The creditworthiness of independent law schools that aren’t affiliated with larger universities is deteriorating as enrollment declines, Standard & Poor’s said in a report.
Standalone laws schools “are more susceptible to credit deterioration than law schools that are nested within comprehensive universities,” S&P, a division of McGraw-Hill Financial Inc. (MHFI:US), said in the report released yesterday.
Credit quality will probably diverge between the most and least selective schools as the weak job market since 2009 depresses enrollment nationwide, the ratings firm said. It identified five accredited law schools that are independent of larger universities: Albany Law School, Brooklyn Law School, New York Law School, Thomas Jefferson School of Law (78527MF:US) and Thomas M. Cooley Law School.
“Independent law schools have a unique situation,” Anthony Crowell, the dean of New York Law School for the past 18 months, said in a phone interview today. He said steps his school is taking, such as an operational review and a strategic plan focusing on academics, “are validated by this report.”
Law schools other than the five independents typically are incorporated into larger universities, so their finances can’t be analyzed for the purposes of credit markets, S&P lead analyst Robert Dobbins said. S&P began working on the report because law schools historically contributed to universities’ financial health, he said.
“Law schools became more of a topic because of the weakness in demand,” he said. “Profitability was no longer at historic levels and we thought it was important to speak to this.”
Brooklyn Law, New York Law, Thomas Cooley and Thomas Jefferson have negative outlooks, S&P said. Albany, with a BBB rating, was listed as stable.
David Singer, an Albany spokesman, declined to comment on the report.
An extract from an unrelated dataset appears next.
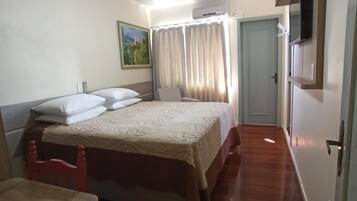 Quarto de hotel com cama, escrivaninha, cadeira, ventilador de teto, quadro e porta.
Representatives of Thomas Jefferson and Thomas Cooley didn’t respond to e-mails seeking comment.
“There isn’t a law school in the country that isn’t taking a hard look at the new world of law,” Nicholas Allard, Brooklyn Law’s dean, said in a phone interview today.
Brooklyn Law School is “in a sound position,” he said. “We’ve cut costs and have monetized some real estate assets that we don’t need.”